For the process mining analysis component, the
PM4Py (PM4Py: Process Mining for Python. Available at
https://github.com/process-intelligence-solutions/pm4py) process mining tool was employed to derive process control-flow representations in the form of Petri nets using the InductiveMiner algorithm [
35]. Subsequently, conformance checking is conducted based on three distinct metrics as follows [
36]:
Fitness: A log trace is deemed to exhibit perfect conformity with the model if it can be precisely replayed within the model and corresponds fully to a complete trace of the model.
Precision: It concerns a model’s ability to accurately represent observed behavior while effectively preventing the inclusion of unobserved behavior, thereby mitigating the risk of underfitting.
Generalization: It concerns a model’s ability to incorporate previously unobserved behavior while mitigating the risk of overfitting.
To assess the performance of privacy-preserving machine learning algorithms, both accuracy and computational time metrics from the scikit-learn Python library were utilized, offering a comprehensive evaluation of model utility and efficiency. The accuracy metric measures the fraction of correct predictions generated by the model when applied to a labeled test dataset, serving as a fundamental criterion for assessing the performance of classification models within the constraints of differential privacy. For unsupervised learning tasks, specifically clustering, the inertia metric was employed to quantify the sum of squared distances between data points and their respective cluster centroids, serving as a measure of clustering cohesion. This metric quantifies cluster compactness and serves as an indirect measure of clustering quality, facilitating the assessment of how privacy-preserving transformations influence the structural integrity and coherence of the data. Furthermore, the time metric (in seconds), computed based on execution time measurements, provides valuable insights into the computational overhead imposed by privacy mechanisms, which is essential for evaluating the practicality of implementing such models in real-world scenarios.
All experimental procedures were executed on a personal desktop computer equipped with an Intel Core i7-13700K CPU and 32 GB of DDR5 RAM. An execution timeout of 30 min was established for each anonymization task, defined as the application of an algorithm, configured with specific parameters, on an individual event log.
4.6. Results Evaluation
Our observations indicate that the implementation of privacy-preserving algorithms can yield a high degree of precision. However, elevated values for certain quality measures do not inherently indicate that the privacy-preserving algorithm maintains data utility, as its primary objective is to generate results that closely resemble the original data rather than to enhance the quality of the discovered models.
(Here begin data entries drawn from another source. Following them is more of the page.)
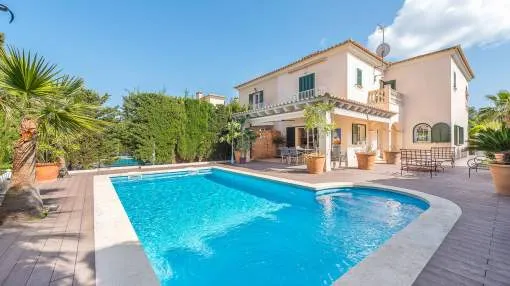 Delightful semi-detached property with swimming pool in Puig de Ros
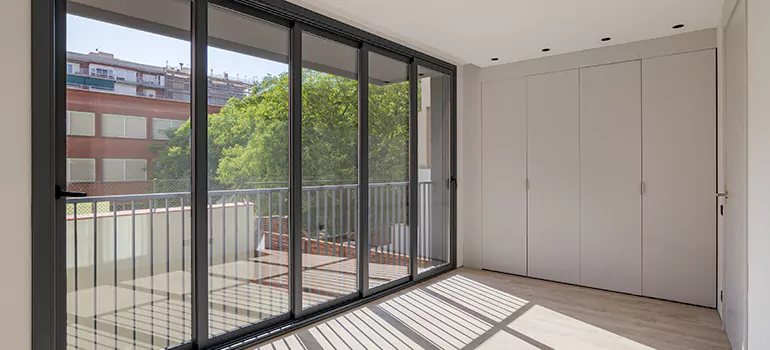 Aluminum Glazed Window Installation in Pembroke Pines, FL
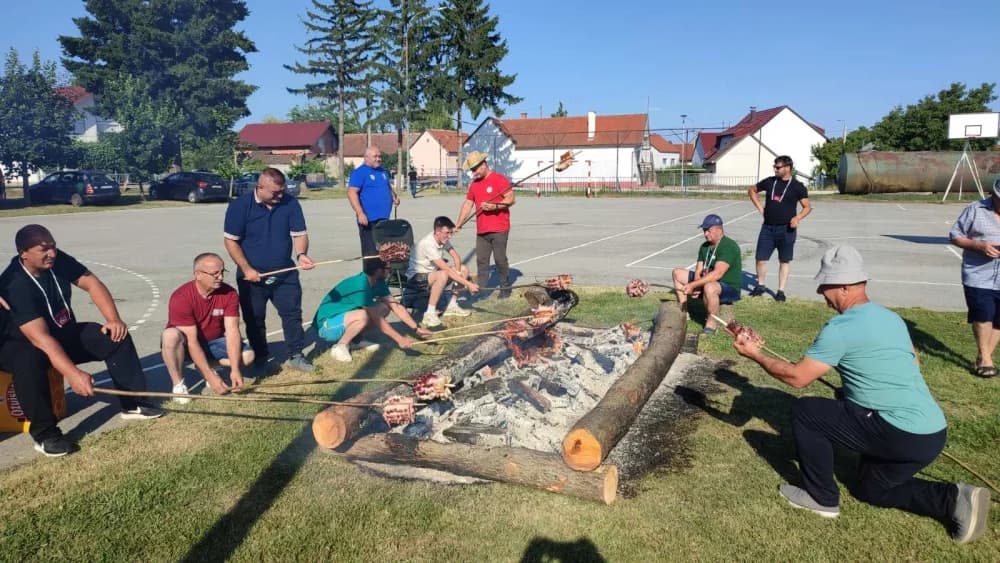 Slanvin 2025.’ u Kaptolu: Spoj Akademske Energije i Planinarske Tradicije Obogatio Festival Slanine i Vina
At this stage, a specific instance of the GQM table is constructed based on the actual metric values, and the quantitative findings are systematically synthesized into responses addressing each question.
(Q1.1.1.) The findings reveal that as the value of k increases, a greater degree of generalization and suppression becomes necessary, leading to a reduction in the granularity of the trace data. Precision exhibits a more pronounced decline as the reduction in trace variety heightens the probability of the model accommodating unobserved behaviors, thereby leading to potential overgeneralization. In addition, since k-anonymity considers the contextual information, it is not scaled well for the event logs that include a higher number of instances.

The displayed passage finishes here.